■ **EXERCISE PROMPT**: Wherever a line in the data holds the word "brown", pull that line out.

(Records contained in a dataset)
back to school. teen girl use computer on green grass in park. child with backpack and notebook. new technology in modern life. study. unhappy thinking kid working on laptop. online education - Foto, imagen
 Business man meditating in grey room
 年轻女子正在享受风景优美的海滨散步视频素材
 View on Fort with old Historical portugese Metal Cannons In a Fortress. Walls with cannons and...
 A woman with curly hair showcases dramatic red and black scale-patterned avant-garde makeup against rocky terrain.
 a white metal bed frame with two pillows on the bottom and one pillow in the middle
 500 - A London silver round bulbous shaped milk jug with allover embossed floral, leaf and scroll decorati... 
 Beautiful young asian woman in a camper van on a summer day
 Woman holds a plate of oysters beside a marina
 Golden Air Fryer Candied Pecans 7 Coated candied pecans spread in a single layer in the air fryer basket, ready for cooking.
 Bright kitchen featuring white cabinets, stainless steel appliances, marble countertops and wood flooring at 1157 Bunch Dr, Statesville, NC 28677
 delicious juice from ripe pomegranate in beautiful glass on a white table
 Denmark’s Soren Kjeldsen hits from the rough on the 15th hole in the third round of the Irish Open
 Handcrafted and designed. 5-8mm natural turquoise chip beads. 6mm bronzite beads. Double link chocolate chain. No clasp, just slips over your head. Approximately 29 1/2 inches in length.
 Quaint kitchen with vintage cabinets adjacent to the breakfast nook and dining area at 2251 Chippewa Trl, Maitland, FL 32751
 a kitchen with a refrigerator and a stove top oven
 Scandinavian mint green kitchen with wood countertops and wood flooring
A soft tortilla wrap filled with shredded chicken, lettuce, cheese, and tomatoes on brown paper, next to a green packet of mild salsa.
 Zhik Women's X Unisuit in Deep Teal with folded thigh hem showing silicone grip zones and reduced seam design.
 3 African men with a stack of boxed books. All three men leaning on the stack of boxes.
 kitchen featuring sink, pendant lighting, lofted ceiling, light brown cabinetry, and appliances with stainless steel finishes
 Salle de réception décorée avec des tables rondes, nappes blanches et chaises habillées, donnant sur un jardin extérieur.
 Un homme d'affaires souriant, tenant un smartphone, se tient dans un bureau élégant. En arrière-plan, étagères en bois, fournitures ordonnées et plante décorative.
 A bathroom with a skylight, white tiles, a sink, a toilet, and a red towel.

■ **TASK OUTPUT**:
A soft tortilla wrap filled with shredded chicken, lettuce, cheese, and tomatoes on brown paper, next to a green packet of mild salsa.
 kitchen featuring sink, pendant lighting, lofted ceiling, light brown cabinetry, and appliances with stainless steel finishes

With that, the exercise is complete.